Stored data:

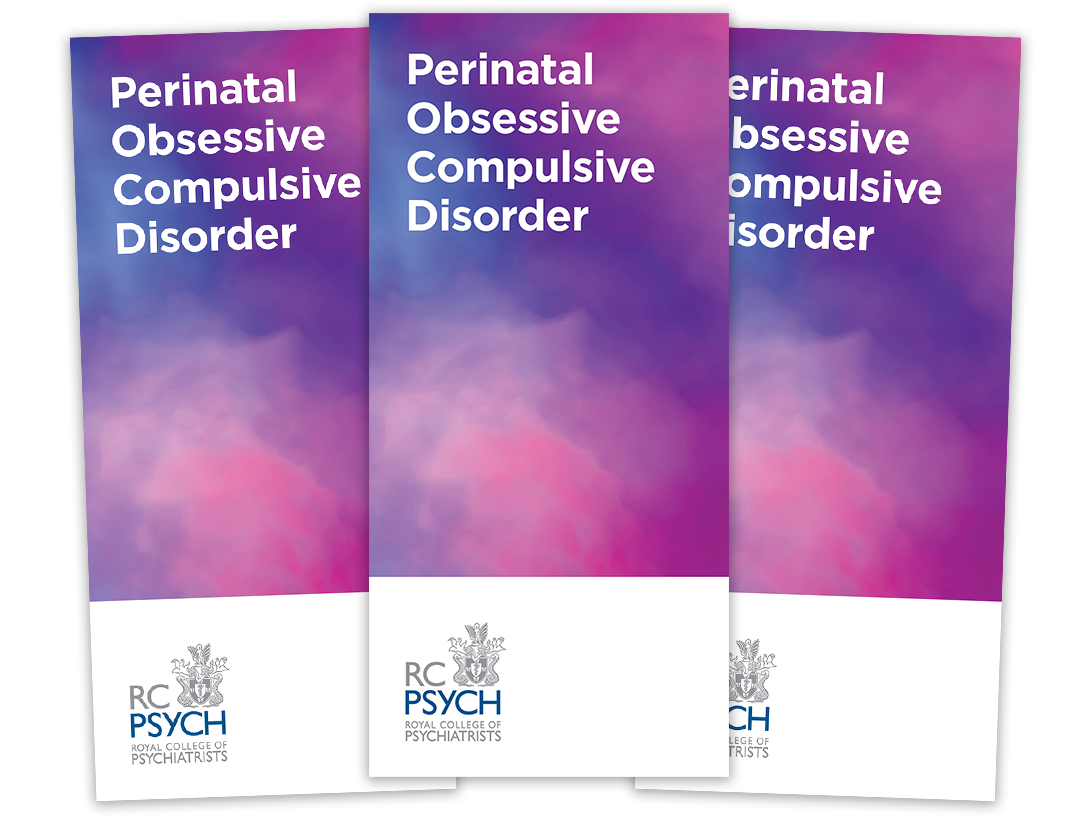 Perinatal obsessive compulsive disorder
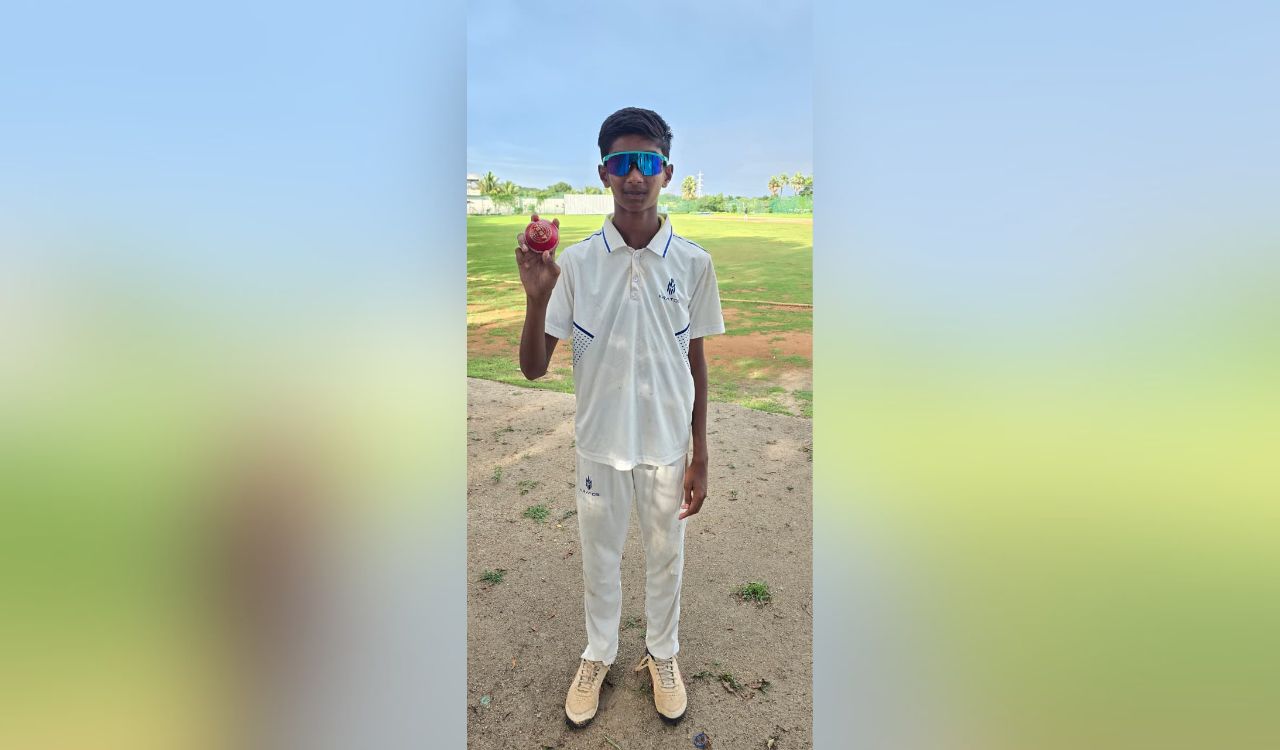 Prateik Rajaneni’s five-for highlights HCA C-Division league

==

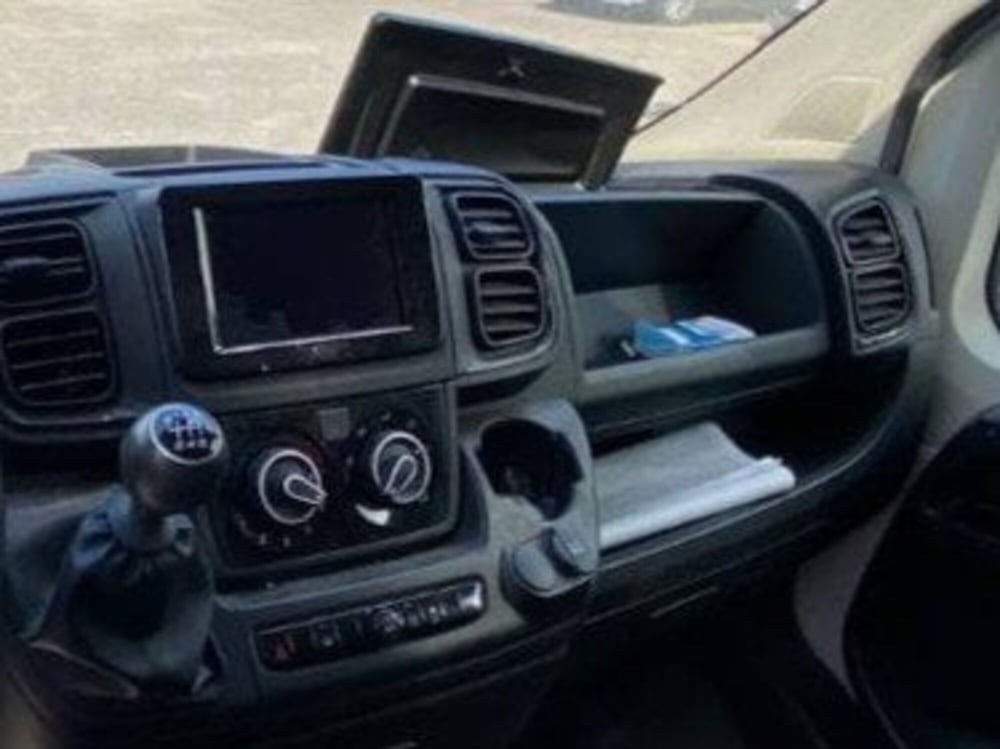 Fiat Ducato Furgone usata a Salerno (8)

Action item: In the records above, find the line with "Perinatal obsessive compulsive disorder" and the line with "Prateik Rajaneni’s five-for". Write out exactly those lines and every one between, with no pictures and no other lines.

Completed task:
 Perinatal obsessive compulsive disorder
 Prateik Rajaneni’s five-for highlights HCA C-Division league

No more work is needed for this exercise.